*** Opening of INPUT MATERIAL ***

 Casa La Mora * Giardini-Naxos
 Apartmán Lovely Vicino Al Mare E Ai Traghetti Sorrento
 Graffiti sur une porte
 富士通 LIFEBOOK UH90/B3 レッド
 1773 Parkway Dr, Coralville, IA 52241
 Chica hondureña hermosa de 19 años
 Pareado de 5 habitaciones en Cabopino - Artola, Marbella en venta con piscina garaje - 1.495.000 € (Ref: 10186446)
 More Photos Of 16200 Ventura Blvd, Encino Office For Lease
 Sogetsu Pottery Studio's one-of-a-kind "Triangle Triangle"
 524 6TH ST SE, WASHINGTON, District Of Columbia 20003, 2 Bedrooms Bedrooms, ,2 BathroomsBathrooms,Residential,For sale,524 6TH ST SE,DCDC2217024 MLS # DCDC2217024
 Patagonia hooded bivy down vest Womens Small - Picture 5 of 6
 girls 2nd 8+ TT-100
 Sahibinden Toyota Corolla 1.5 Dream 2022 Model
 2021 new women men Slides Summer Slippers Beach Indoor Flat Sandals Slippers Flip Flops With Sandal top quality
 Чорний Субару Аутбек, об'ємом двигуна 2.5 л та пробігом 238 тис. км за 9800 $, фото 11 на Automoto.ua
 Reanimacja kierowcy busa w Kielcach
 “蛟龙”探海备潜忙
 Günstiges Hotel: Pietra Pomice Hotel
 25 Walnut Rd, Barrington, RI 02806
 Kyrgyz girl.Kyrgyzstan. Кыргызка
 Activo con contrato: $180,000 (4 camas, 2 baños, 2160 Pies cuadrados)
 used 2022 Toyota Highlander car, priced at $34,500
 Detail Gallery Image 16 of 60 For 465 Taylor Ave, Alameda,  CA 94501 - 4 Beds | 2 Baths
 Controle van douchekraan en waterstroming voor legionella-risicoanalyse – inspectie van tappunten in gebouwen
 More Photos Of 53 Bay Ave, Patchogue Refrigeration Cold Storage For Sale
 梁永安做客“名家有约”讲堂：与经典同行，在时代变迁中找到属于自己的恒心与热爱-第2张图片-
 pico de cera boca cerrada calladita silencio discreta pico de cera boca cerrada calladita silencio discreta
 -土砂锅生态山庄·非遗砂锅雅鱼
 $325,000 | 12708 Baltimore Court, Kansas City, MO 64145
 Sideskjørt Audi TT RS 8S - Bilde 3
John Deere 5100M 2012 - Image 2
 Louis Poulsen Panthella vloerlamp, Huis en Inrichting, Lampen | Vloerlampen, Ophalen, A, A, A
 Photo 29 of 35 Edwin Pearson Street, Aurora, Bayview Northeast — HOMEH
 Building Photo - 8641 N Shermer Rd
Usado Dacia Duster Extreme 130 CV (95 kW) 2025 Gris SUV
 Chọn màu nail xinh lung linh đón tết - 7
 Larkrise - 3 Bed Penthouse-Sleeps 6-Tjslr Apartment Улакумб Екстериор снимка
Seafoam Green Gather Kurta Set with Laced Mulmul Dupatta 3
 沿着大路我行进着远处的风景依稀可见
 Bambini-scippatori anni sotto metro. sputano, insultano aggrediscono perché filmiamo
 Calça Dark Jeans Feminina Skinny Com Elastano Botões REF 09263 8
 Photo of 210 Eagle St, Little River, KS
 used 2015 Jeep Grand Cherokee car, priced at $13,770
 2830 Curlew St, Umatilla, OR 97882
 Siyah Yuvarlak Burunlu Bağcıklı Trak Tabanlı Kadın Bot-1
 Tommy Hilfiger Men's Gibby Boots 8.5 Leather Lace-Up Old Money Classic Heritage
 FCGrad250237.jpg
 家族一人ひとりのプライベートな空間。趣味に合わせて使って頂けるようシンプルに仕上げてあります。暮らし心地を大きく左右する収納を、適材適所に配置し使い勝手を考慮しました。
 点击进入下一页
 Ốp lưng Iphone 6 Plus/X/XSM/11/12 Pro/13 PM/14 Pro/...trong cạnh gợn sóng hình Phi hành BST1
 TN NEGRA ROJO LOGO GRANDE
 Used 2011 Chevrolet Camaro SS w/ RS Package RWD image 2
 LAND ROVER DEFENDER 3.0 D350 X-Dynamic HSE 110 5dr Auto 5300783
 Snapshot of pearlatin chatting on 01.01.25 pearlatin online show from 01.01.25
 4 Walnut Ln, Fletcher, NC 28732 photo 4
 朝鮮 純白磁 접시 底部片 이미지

*** Close of INPUT MATERIAL ***

WHAT TO PRODUCE – Which of the lines above include the string "Walnut"? Pick them out and copy them.

OUTPUT BELOW –
 25 Walnut Rd, Barrington, RI 02806
 4 Walnut Ln, Fletcher, NC 28732 photo 4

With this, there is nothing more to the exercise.